Supplied material =
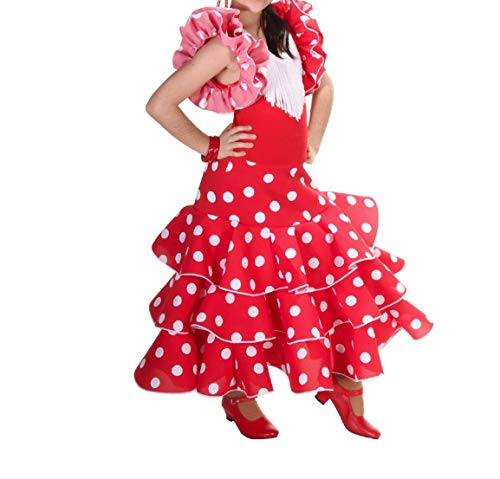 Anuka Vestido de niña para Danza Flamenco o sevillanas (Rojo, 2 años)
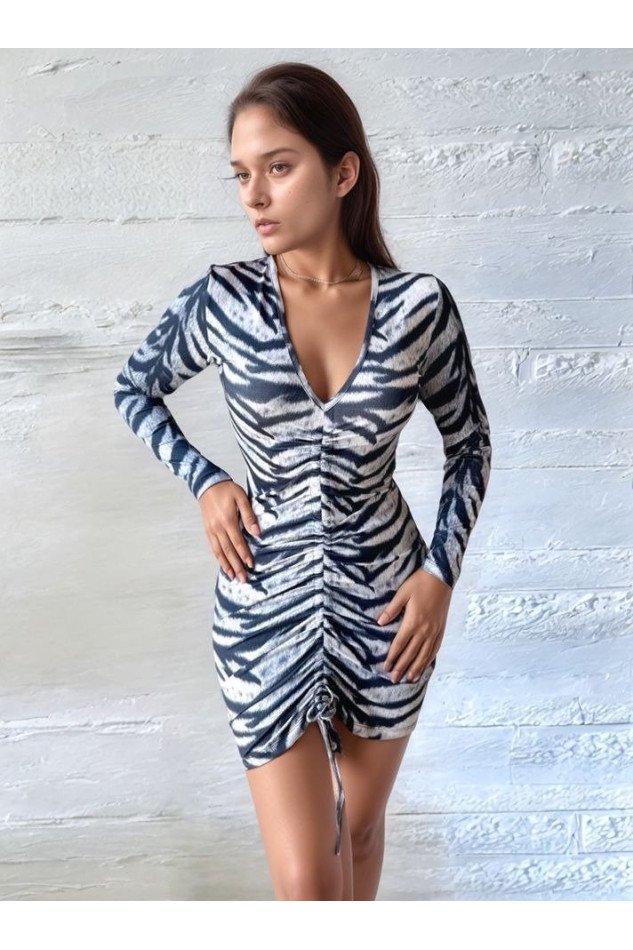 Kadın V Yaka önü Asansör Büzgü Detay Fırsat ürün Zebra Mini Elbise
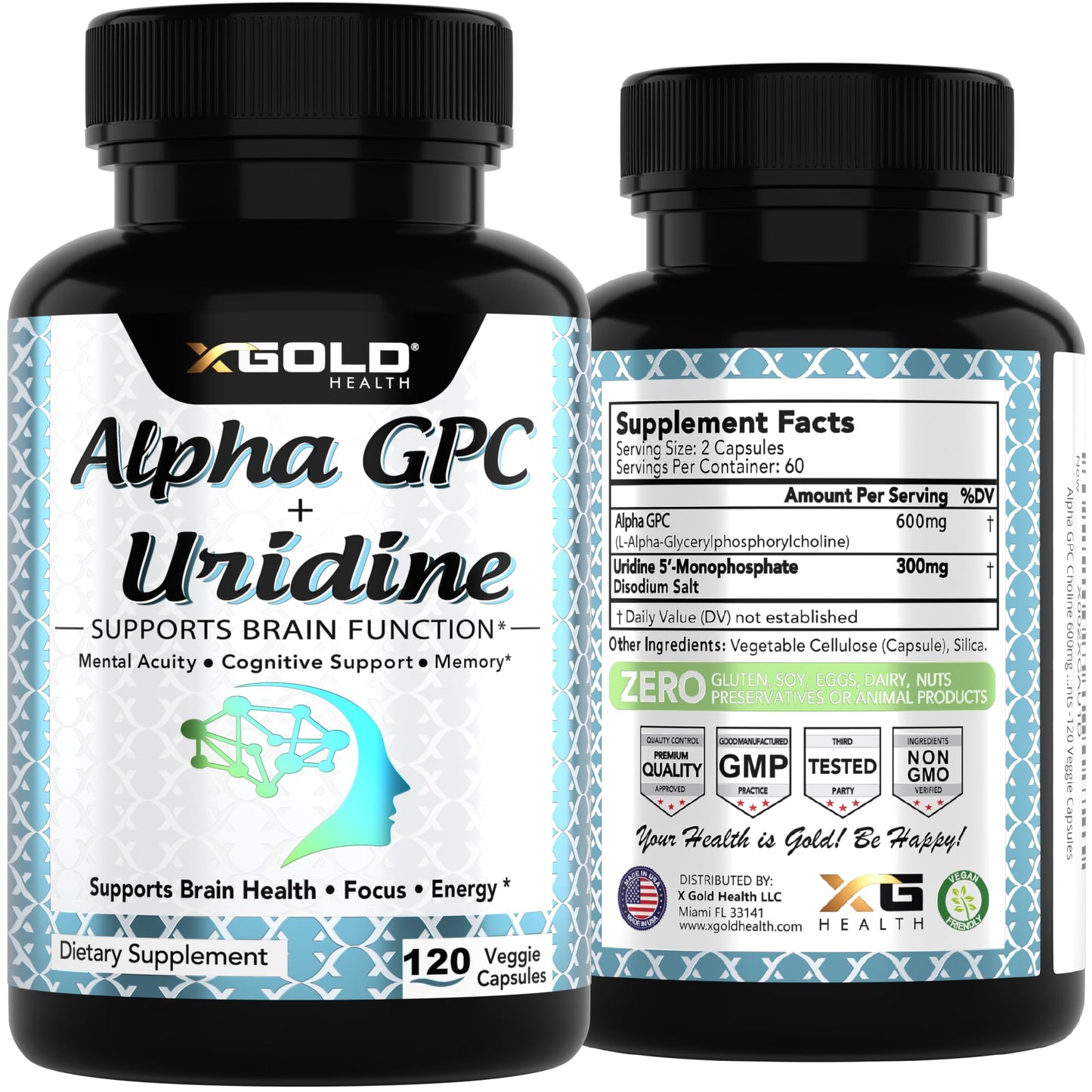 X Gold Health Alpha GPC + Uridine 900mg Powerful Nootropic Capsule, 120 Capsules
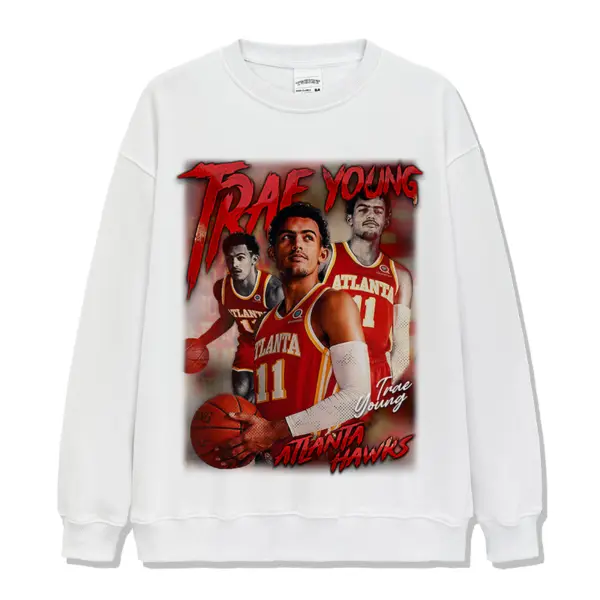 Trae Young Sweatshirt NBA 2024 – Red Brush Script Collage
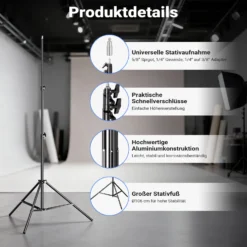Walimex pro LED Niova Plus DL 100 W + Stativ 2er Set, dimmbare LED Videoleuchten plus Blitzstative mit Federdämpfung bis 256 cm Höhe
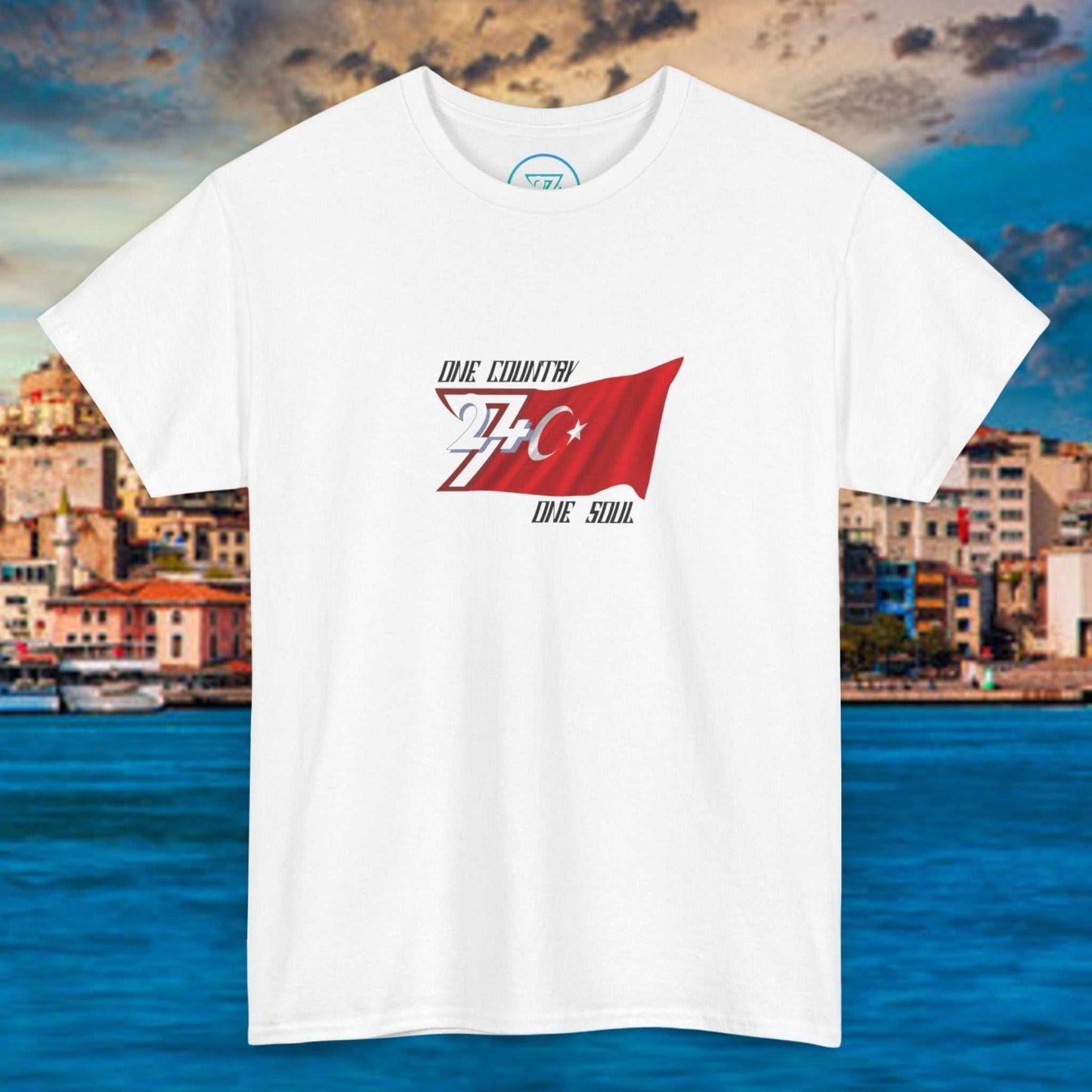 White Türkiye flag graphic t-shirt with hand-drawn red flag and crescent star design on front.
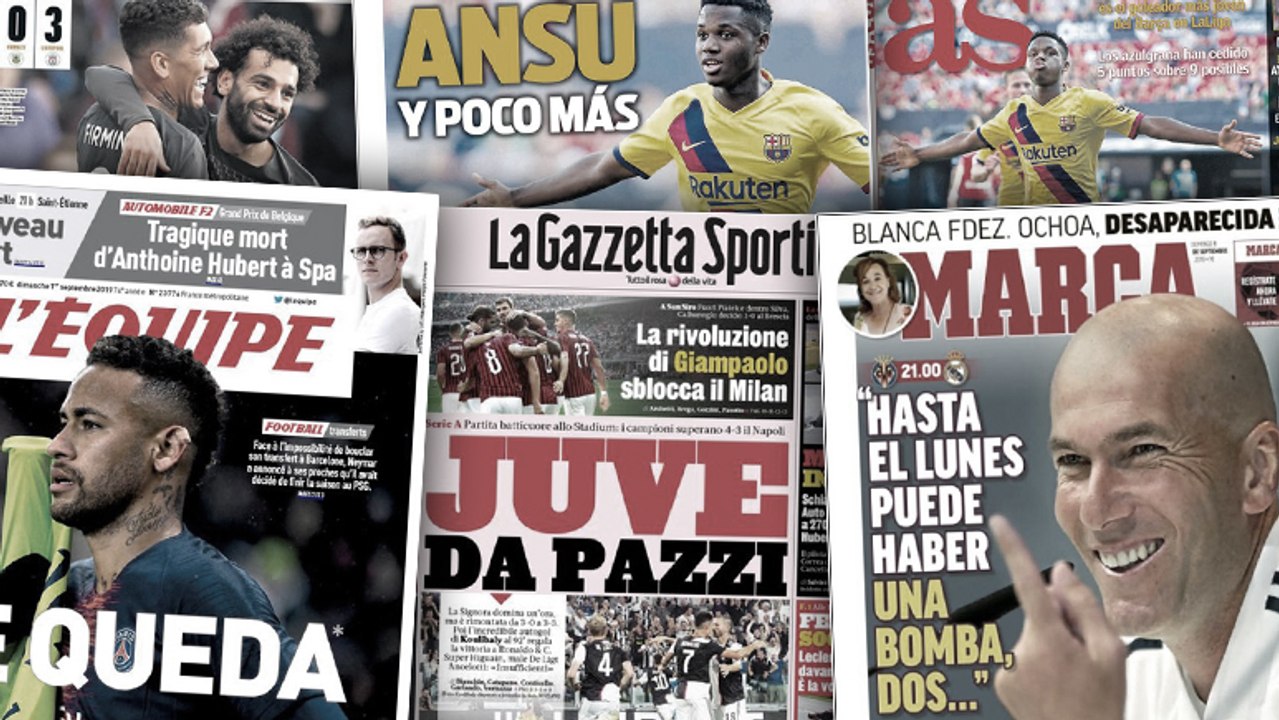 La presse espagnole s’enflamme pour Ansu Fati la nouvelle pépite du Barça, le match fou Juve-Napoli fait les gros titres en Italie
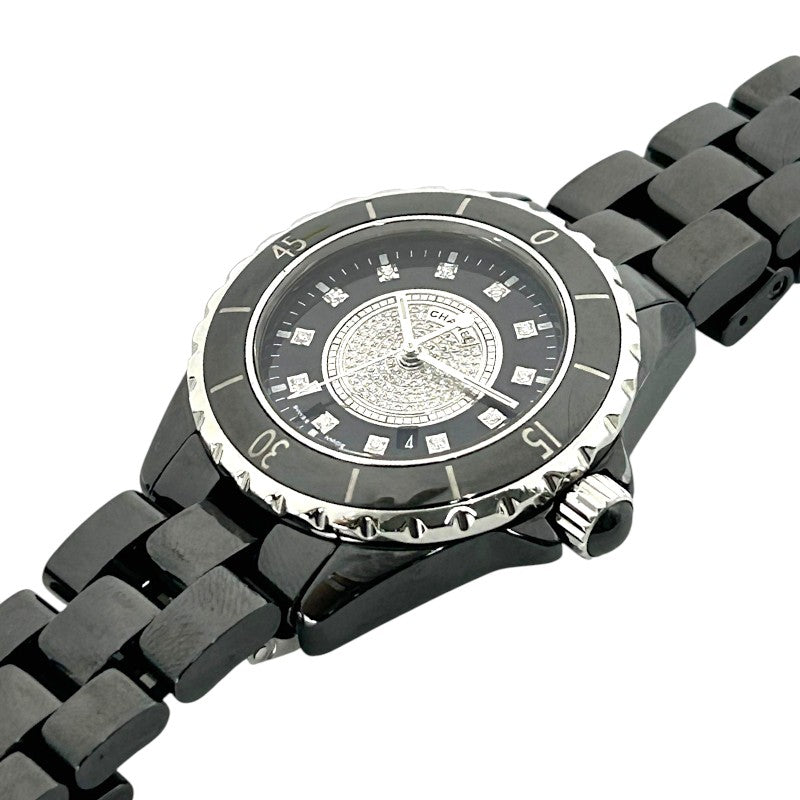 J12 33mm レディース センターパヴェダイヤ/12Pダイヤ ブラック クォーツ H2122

Problem requirements = Repeat each record exactly, with the pictures left out.

Answer for the task =
 Anuka Vestido de niña para Danza Flamenco o sevillanas (Rojo, 2 años)
 Kadın V Yaka önü Asansör Büzgü Detay Fırsat ürün Zebra Mini Elbise
 X Gold Health Alpha GPC + Uridine 900mg Powerful Nootropic Capsule, 120 Capsules
 Trae Young Sweatshirt NBA 2024 – Red Brush Script Collage
Walimex pro LED Niova Plus DL 100 W + Stativ 2er Set, dimmbare LED Videoleuchten plus Blitzstative mit Federdämpfung bis 256 cm Höhe
 White Türkiye flag graphic t-shirt with hand-drawn red flag and crescent star design on front.
 La presse espagnole s’enflamme pour Ansu Fati la nouvelle pépite du Barça, le match fou Juve-Napoli fait les gros titres en Italie
 J12 33mm レディース センターパヴェダイヤ/12Pダイヤ ブラック クォーツ H2122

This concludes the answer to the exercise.